__What needs to be done__:
Each line below that contains "Street" should be counted. Give only the total.

Records from a data source
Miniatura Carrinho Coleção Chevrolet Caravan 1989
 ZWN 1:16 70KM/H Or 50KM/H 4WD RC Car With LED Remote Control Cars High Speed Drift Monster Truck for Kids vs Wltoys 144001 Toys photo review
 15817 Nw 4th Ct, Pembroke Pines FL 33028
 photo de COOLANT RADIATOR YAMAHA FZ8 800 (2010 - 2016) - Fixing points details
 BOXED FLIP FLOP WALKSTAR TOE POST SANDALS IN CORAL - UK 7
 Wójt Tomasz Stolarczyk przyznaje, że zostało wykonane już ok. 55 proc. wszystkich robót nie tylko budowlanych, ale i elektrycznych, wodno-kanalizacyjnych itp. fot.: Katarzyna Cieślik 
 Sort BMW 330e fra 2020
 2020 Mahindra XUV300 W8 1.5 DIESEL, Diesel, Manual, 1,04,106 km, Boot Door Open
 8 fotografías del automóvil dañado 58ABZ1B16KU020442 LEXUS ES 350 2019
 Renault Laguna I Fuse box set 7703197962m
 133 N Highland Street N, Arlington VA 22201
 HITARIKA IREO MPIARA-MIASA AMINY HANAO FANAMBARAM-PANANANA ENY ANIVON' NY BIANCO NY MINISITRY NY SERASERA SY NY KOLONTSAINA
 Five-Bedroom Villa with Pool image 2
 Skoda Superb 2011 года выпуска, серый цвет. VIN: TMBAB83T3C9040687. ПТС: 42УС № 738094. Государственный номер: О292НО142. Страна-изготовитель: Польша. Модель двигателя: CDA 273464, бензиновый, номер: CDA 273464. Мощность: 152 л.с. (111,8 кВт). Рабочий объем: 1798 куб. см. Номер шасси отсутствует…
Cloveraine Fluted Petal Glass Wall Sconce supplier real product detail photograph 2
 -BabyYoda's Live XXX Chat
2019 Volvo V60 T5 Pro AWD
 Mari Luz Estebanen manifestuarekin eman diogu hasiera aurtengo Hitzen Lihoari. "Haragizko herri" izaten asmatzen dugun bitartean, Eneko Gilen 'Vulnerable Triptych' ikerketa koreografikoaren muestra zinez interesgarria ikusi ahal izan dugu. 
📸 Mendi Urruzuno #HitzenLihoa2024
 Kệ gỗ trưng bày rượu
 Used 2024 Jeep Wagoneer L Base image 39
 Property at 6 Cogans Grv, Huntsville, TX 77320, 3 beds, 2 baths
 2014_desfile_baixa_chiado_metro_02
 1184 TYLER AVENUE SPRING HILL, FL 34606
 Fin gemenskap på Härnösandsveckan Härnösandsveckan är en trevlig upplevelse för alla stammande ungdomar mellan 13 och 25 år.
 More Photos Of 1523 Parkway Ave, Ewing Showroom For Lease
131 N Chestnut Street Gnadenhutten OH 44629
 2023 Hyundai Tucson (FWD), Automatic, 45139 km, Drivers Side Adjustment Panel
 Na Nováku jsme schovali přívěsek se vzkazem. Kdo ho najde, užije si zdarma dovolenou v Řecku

__The answer__:
2